6
votes

Two starting points:

Is it correct to use

use uni::perl; # or any similar

in the PSGI application and/or in my modules?

uni::perl changes Perl's default IO to UTF-8, thus:

use open qw(:std :utf8);
binmode(STDIN,   ":utf8");
binmode(STDOUT,  ":utf8");
binmode(STDERR,  ":utf8");

Will doing so break something in Plack or its middlewares? Or is the only correct way to write apps for Plack explicitely encoding/decoding at open, so without the open pragma?

2
Does Plack write to STDOUT or read from STDIN? If so, it's almost surely wrong (unless they're also a bug in Plack). I said "almost" because the use of binmode in Plack would make it not care. PS - now you know why it's not done by default; it breaks stuff.ikegami
I'm in hope than @miyagawa gurusan will tell more.. :) And I understand why utf8 is not default, but, (IMO) the new CPAN modules should be developed with "perl -CSDA" or with env PERL_UNICODE in mind.

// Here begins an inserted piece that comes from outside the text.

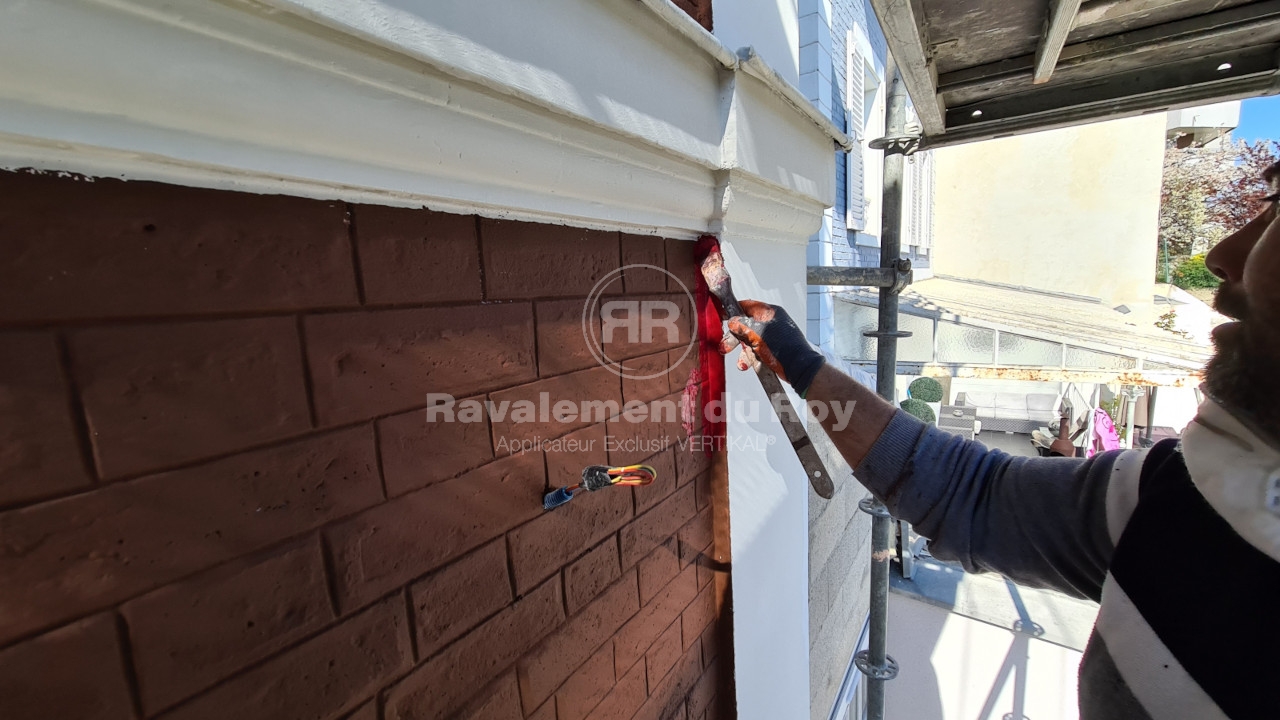 obtenez rapidement un devis personnalisé pour vos travaux de rénovation à courbevoie. comparez les offres, bénéficiez de conseils d’experts et réalisez votre projet au meilleur prix.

And miyagawa sure uses it in japan environment, so, should know the right way.. ;)cajwine
I think the “correct way” you list is broken. text/plain need a charset so the other side knows what the bytes represent and how to decode them.Ashley
@Ashley, yes - and thanx. The fragment has another errors too ($str vs $output). But it is not really related to the question.cajwine

2 Answers

2
votes

You really don't want to set STDIN/STDOUT to be UTF-8 mode by default on Plack, because you don't know for instance whether they will be binary data transports. E.g. if those filehandles are the FastCGI protocol connector they will be carrying encoded binary structures and not UTF-8 text. They therefore must not have an encoding layer defined, or those binary structures will be mangled or rejected as invalid.

-2
votes

On modern GNU/Linux systems you should completely switch to UTF-8 globally. This means setting

LANG="xx_YY.UTF-8"
PERL_UNICODE=SDAL
PERL5OPT=-Mutf8

in your /etc/environment or /etc/sysconfig/i18n or /etc/default/locale or whatever your system configuration file is. Because of RHEL/Centos bug I symlinked /etc/environment to sysconfig/i18n.

Scripts that rely on binary input should set binmode on STDIN/OUT/ERR(?) or use open pragma or should be called with -C0 option.

The problem is that some DBD drivers are buggy, e.g. DBD::JDBC, and you must set the utf8 flag by hand.

use Encode qw/_utf8_on/;
map { _utf8_on $_; } @strings;